* Problem to work on:
Only the lines below from the one containing "Men's Mountain Print" to the one containing "104 LETTRES EN MOUSSE - 5 COLORIS" should be repeated, both included and unchanged.

[[ Given records, beginning ]]

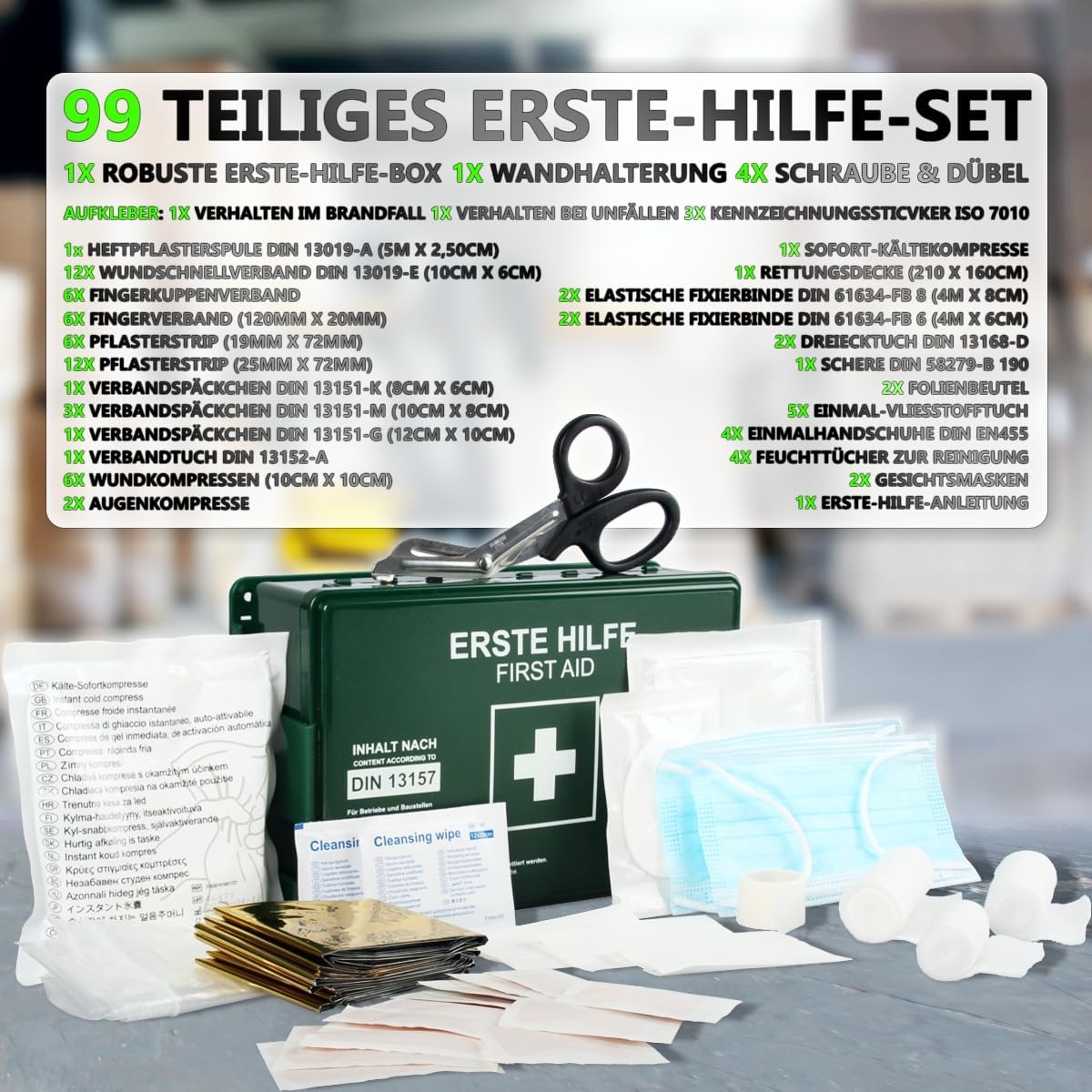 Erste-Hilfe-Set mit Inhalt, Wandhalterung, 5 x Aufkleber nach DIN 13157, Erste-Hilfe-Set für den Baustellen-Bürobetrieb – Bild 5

[[ Given records, end ]]
[[ Given records, beginning ]]

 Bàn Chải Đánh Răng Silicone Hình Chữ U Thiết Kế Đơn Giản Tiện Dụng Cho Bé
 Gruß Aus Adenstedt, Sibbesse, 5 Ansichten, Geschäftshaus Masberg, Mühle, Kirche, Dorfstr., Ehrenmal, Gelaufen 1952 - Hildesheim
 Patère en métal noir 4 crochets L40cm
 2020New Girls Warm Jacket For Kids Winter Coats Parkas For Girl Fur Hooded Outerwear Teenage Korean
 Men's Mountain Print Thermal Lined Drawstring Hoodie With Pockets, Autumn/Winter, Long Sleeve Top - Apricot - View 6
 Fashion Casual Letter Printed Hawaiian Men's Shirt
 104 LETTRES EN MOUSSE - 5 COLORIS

[[ Given records, end ]]
[[ Given records, beginning ]]

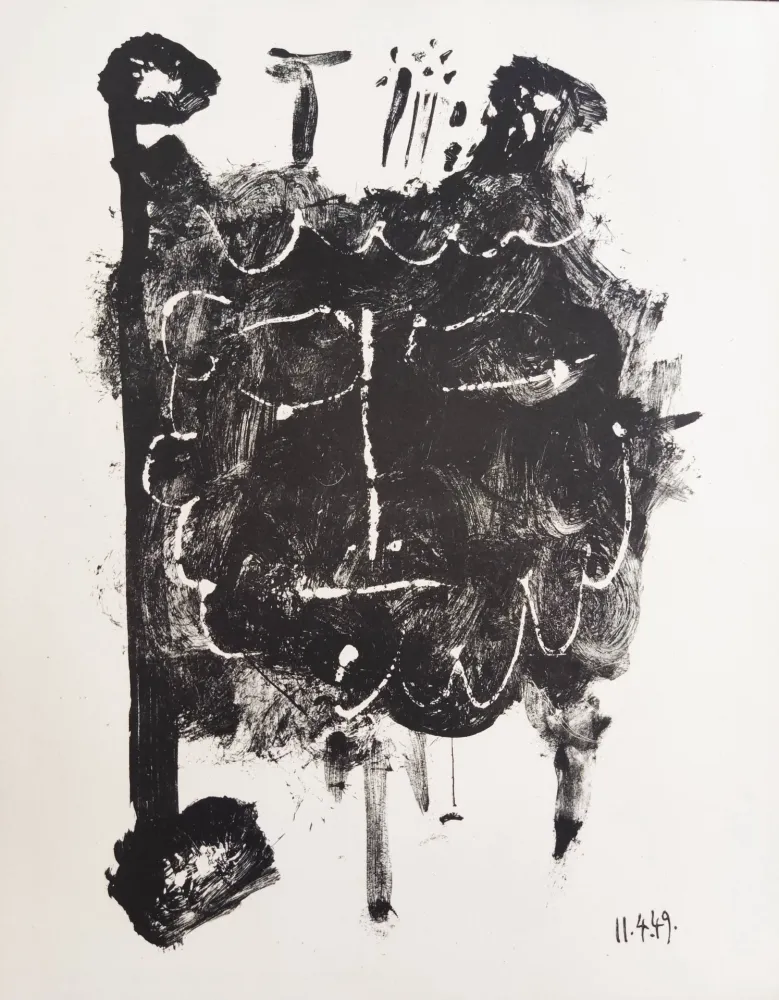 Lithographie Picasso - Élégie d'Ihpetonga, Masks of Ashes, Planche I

[[ Given records, end ]]

* Written answer:
 Men's Mountain Print Thermal Lined Drawstring Hoodie With Pockets, Autumn/Winter, Long Sleeve Top - Apricot - View 6
 Fashion Casual Letter Printed Hawaiian Men's Shirt
 104 LETTRES EN MOUSSE - 5 COLORIS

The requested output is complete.